Trump went on a five-tweet tirade in which he showed once and for all that his claim about $91 billion in aid for Puerto Rico is false. The White House had claimed that, when Trump said $91 billion, he was including both aid that’s already out there and years, maybe even decades, of future aid. Since reports of Trump’s $91 billion claim were paraphrased by people who heard him say it in a meeting closed to press, the Washington Post’s fact-checker concluded it was impossible to tell if Trump was speaking accurately. Well, now we know. In response to the Senate bill failing, Trump tweeted that “Puerto Rico got 91 Billion Dollars for the hurricane, more money than has ever been gotten for a hurricane before.” Got. Not “is getting.” Not “will get.” But got.

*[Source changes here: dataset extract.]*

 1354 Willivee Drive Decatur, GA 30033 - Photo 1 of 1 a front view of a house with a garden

Which is false.
Trump also provided further fuel for speculation that he doesn’t understand that Puerto Rico is part of the United States, tweeting that Puerto Rico’s politicians, a key focus of his rant, “only take from USA” and “Cannot continue to hurt our Farmers and States with these massive payments, and so little appreciation.” In translation, Puerto Rico doesn’t count as part of the whole of the United States, and money to it is theft from the real America.

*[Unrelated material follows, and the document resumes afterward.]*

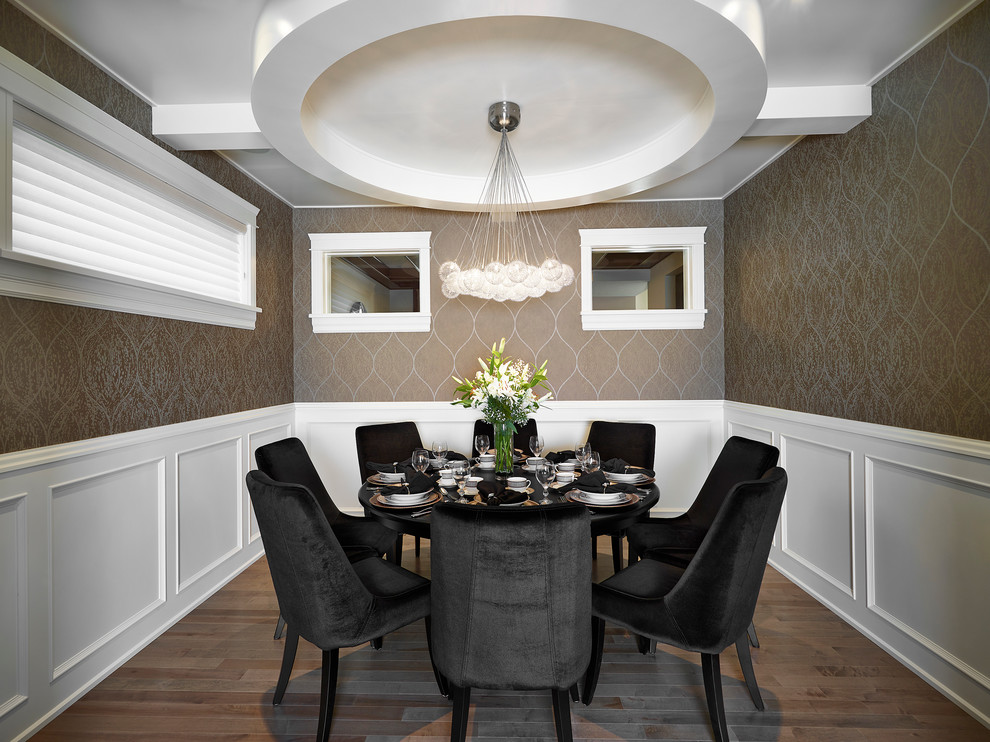 Design ideas for a transitional separate dining room in Edmonton with brown walls and dark hardwood floors.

Because this is Donald Trump talking, the appreciation he’s demanding is not just for the $91 billion in aid the island hasn’t gotten—in fact, the Washington Post fact-checker writes, “depending on how you do the math,” only about $11.2 billion has actually been spent—but appreciation because “The best thing that ever happened to Puerto Rico is President Donald J. Trump.” It seems like most Puerto Ricans would disagree. And the aid the island needs is currently being fought out in Congress, with Democrats trying to use every bit of leverage they have to pass even a meaningful part of what Puerto Rico needs, over the objections of Republicans trying to keep their narcissistic leader happy.